NEW YORK (Legal Newsline) - New York Attorney General Eric Schneiderman announced his opposition on Friday to a proposed resolution by the Nuclear Regulatory Commission about his petition to have federal fire safety requirements enforced at Indian Point.
Schneiderman filed a petition in March 2011 requesting that the federal NRC identify fire safety violations at the Westchester County facility and compel compliance immediately. Fire safety regulations were established federally in 1980 to make sure that nuclear power plants could shut down safely after and during a fire emergency.

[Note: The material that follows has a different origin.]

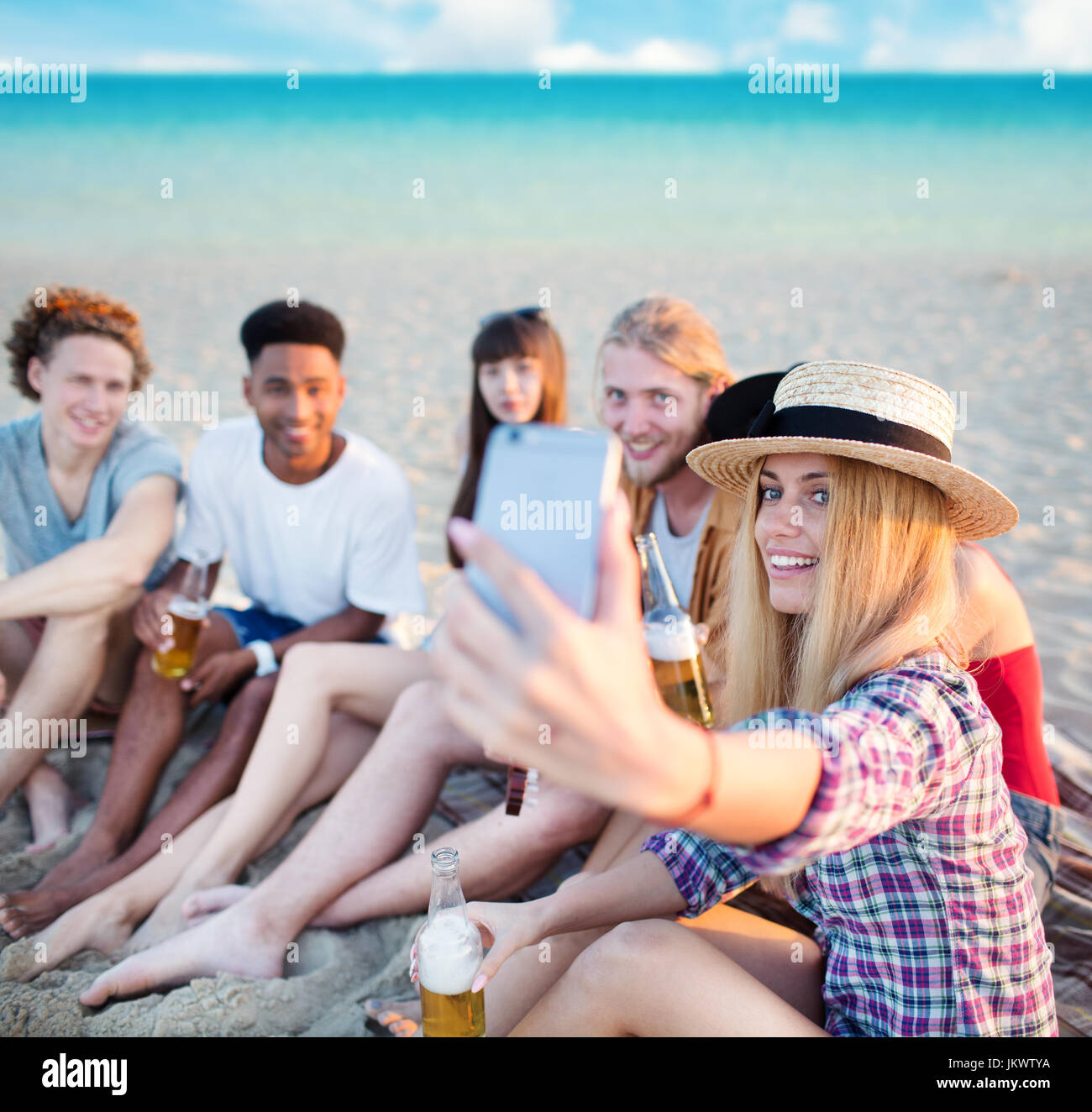 Glückliche Gruppe von Freund macht ein Selbstporträt mit einem Mobiltelefon Stockfoto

Schneiderman's comments opposing the proposed resolution argued that the proposal fundamentally fails to improve fire safety at Indian Point because it does not require identification and correction of all fire safety requirement violations at the facility. Additionally, he argued that the limited compliance actions proposed by the NRC would correct only previously identified fire safety problems with an unenforceable and voluntary obligation with an uncertain date. Schneiderman also argued that the NRC should have imposed a monetary penalty for knowingly allowing fire safety violations to continue unchecked for years.

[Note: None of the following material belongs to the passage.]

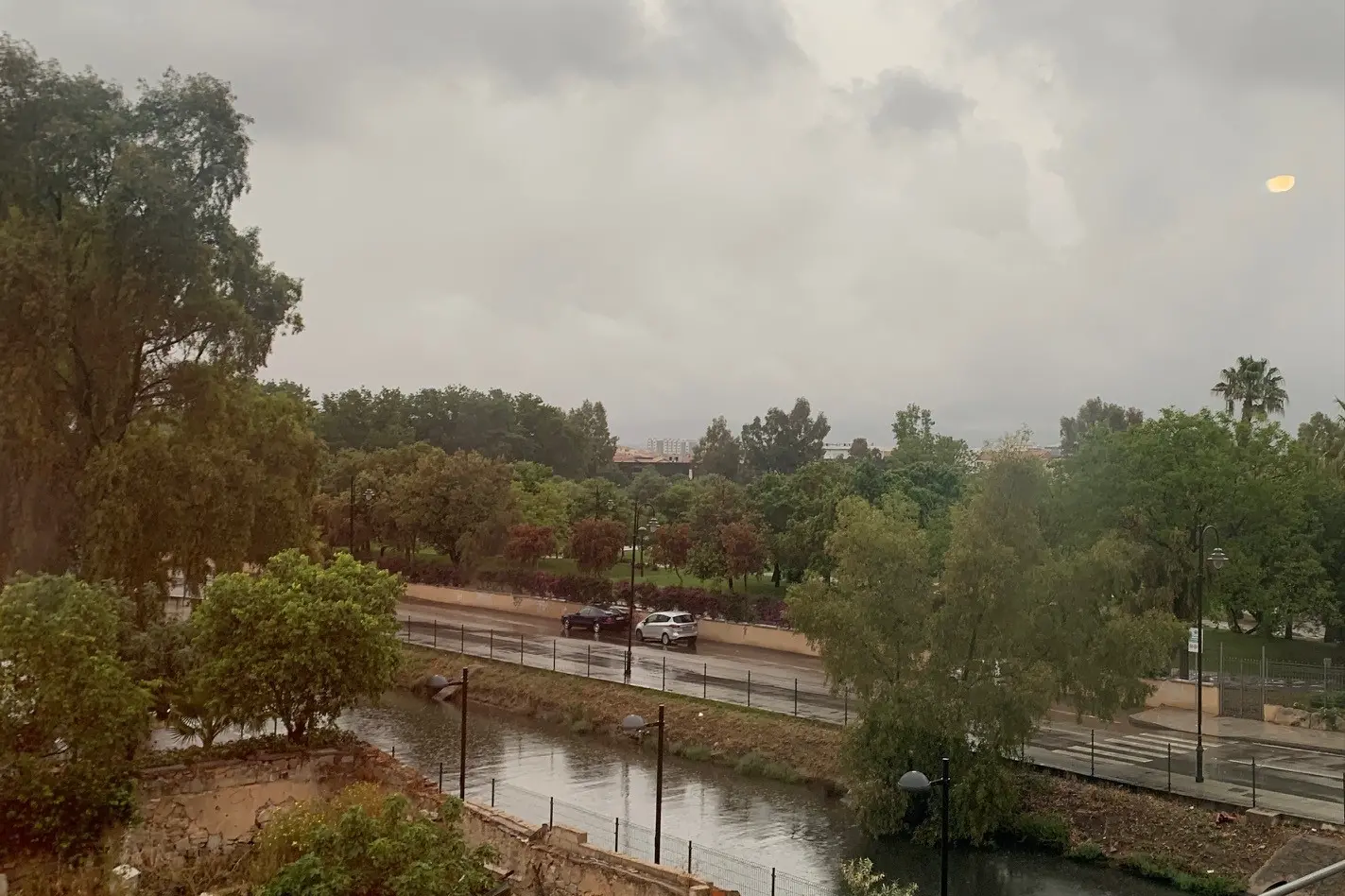 Canale sotto la pioggia nel centro di Olbia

"Federal fire safety requirements were established to keep nuclear power plants secure in the event of a fire emergency," Schneiderman said.
"However, for over 30 years, and with a 'wink and a nod' from the NRC, Indian Point has ignored its responsibility to comply fully with these critical safety requirements. The NRC is now proposing to continue this shameful tradition by failing to force Indian Point to ensure that all violations of federal fire safety requirements are promptly eliminated.
"The NRC's failed approach fuels lingering questions about Indian Point's safety and that of the 17 million people who live and work in close proximity to it."
Schneiderman's petition requested that the NRC identify all fire safety violations at the facility, require immediate correction and to deny more than 100 exemptions from the safety requirements requested by Indian Point. In February, in a separate action from the petition, the NRC rejected most of the fire safety exemptions sought by the facility.
On July 2, the director of the NRC's Division of Operating Reactor Licensing responded to the petition with a proposed director's decision. The NRC proposed to resolve the petition by accepting a voluntary schedule from Indian Point to correct the fire safety violations that were not granted an exemption by the NRC in February.
Schneiderman said that the proposal fails to ensure the fire safety violations at Indian Point will be eliminated. The alleged deficiencies in the proposal include failing to set a date by which the facility must fully comply with all fire safety requirements, failing to commit the NRC to the identification and correction of all the fire safety violations, and failing to set a mandatory and enforceable schedule for complying with the violations the NRC does identify and require correction.
Schneiderman also said that the resolution fails to impose any monetary penalties against Entergy, Indian Point's owner, for 20 years of non-compliance with the fire safety requirements at Unit 3 and Unit 2.
"New Yorkers deserve nothing less than a full, fair and open examination of numerous critical questions about the safety of Indian Point before any decisions are made about its relicensing," Schneiderman said. "Clearly, questions about Indian Point's fire security, and its ability to shut down safely during and after an emergency, need to be completely addressed and resolved."